== Task to complete ==
Whatever lies between the line with "Tirane, shes apartament" and the end of the data, both included, must be copied exactly and without pictures.

== Data block ==

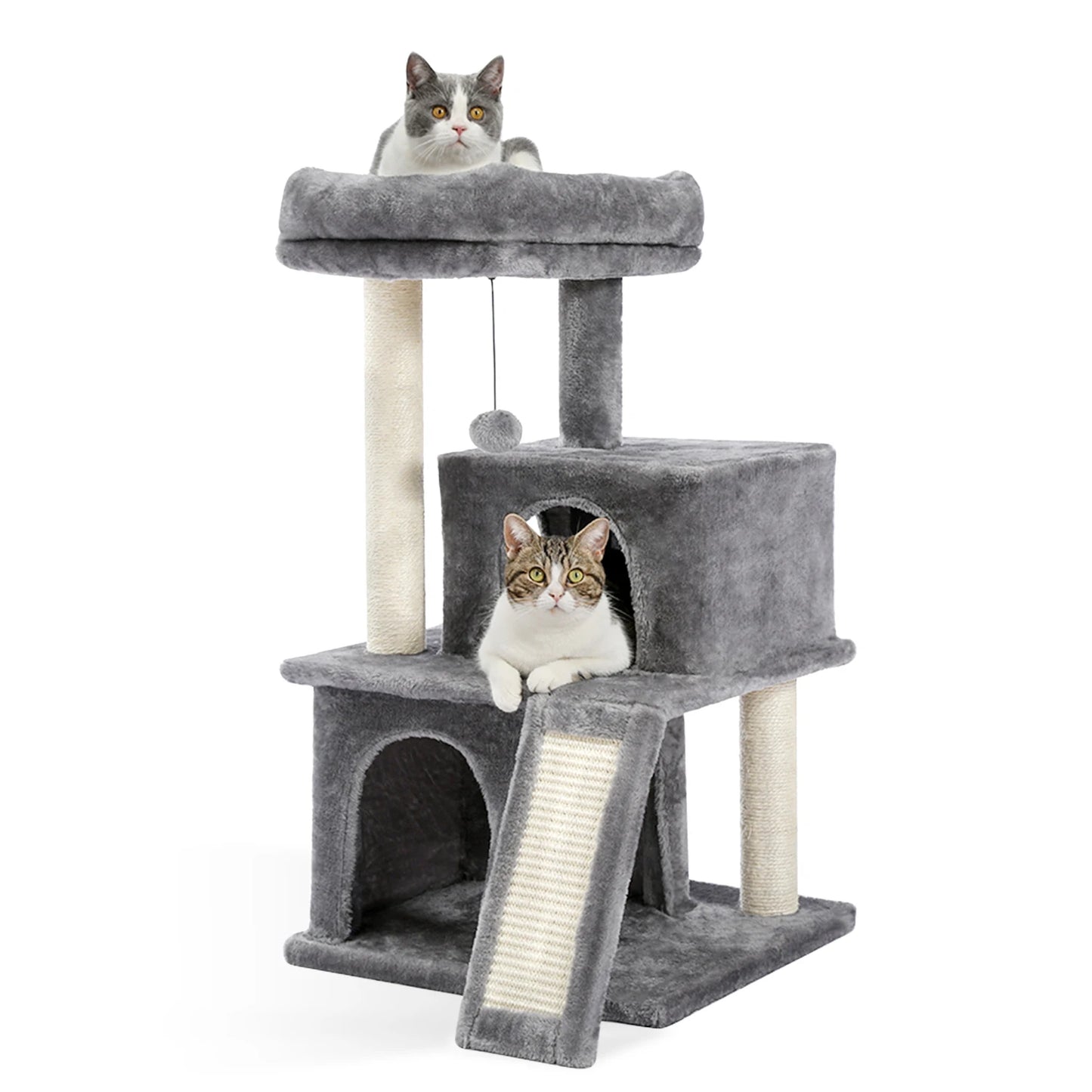 Multilevel Cat Tree Tower with Double Condos & Sisal Posts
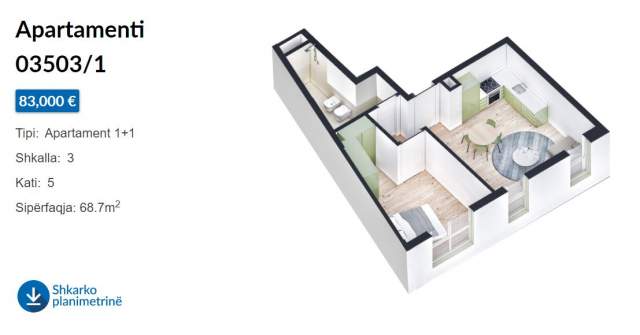 Tirane, shes apartament 1+1 Kati 5, 69 m² 83.000 Euro (Rruga Pasho Hysa)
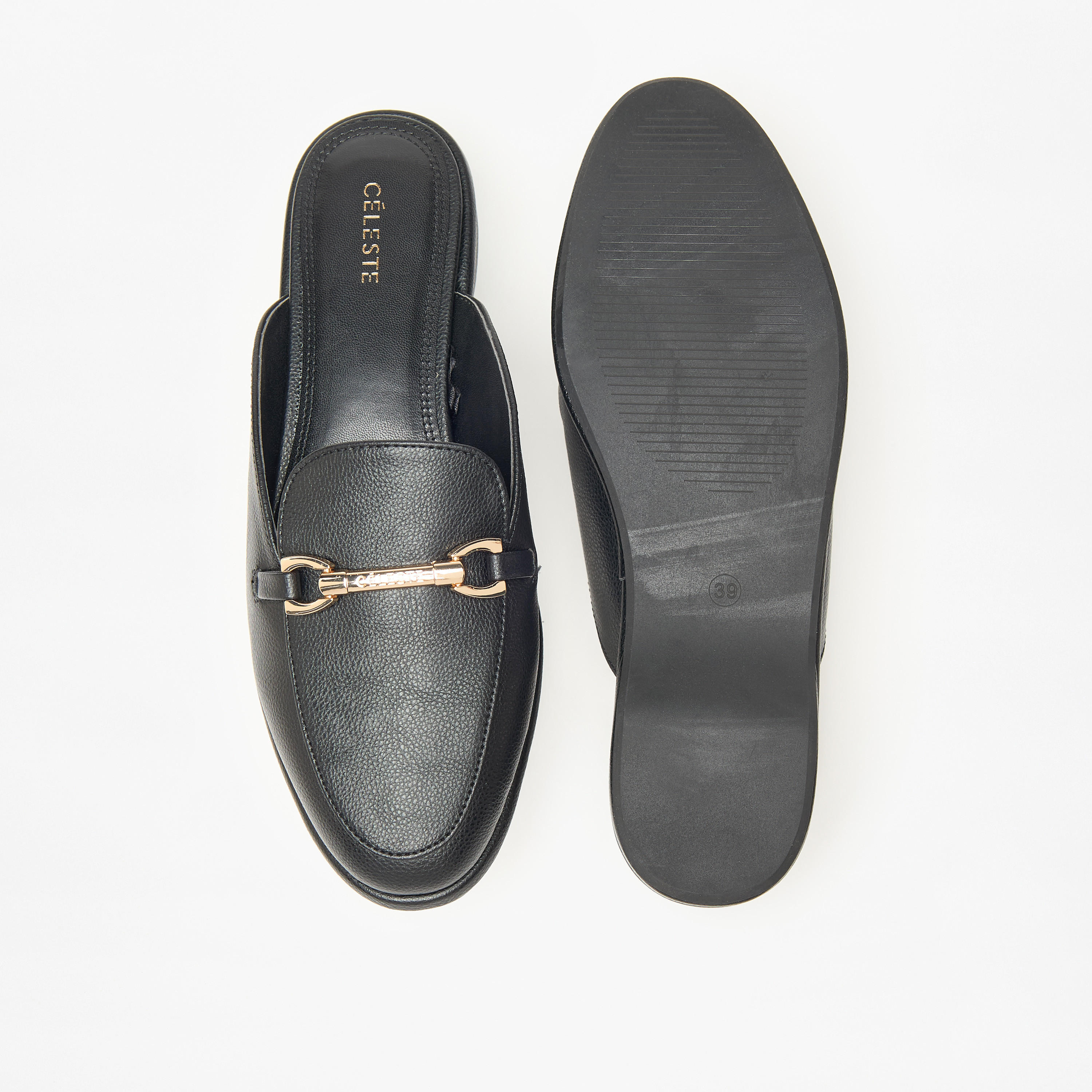 حذاء ميول سادة سهل الارتداء بزينة ميتاليك للنساء من سيليست-women-shoes-flats-mules-image-9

== Your response ==
 Tirane, shes apartament 1+1 Kati 5, 69 m² 83.000 Euro (Rruga Pasho Hysa)
 حذاء ميول سادة سهل الارتداء بزينة ميتاليك للنساء من سيليست-women-shoes-flats-mules-image-9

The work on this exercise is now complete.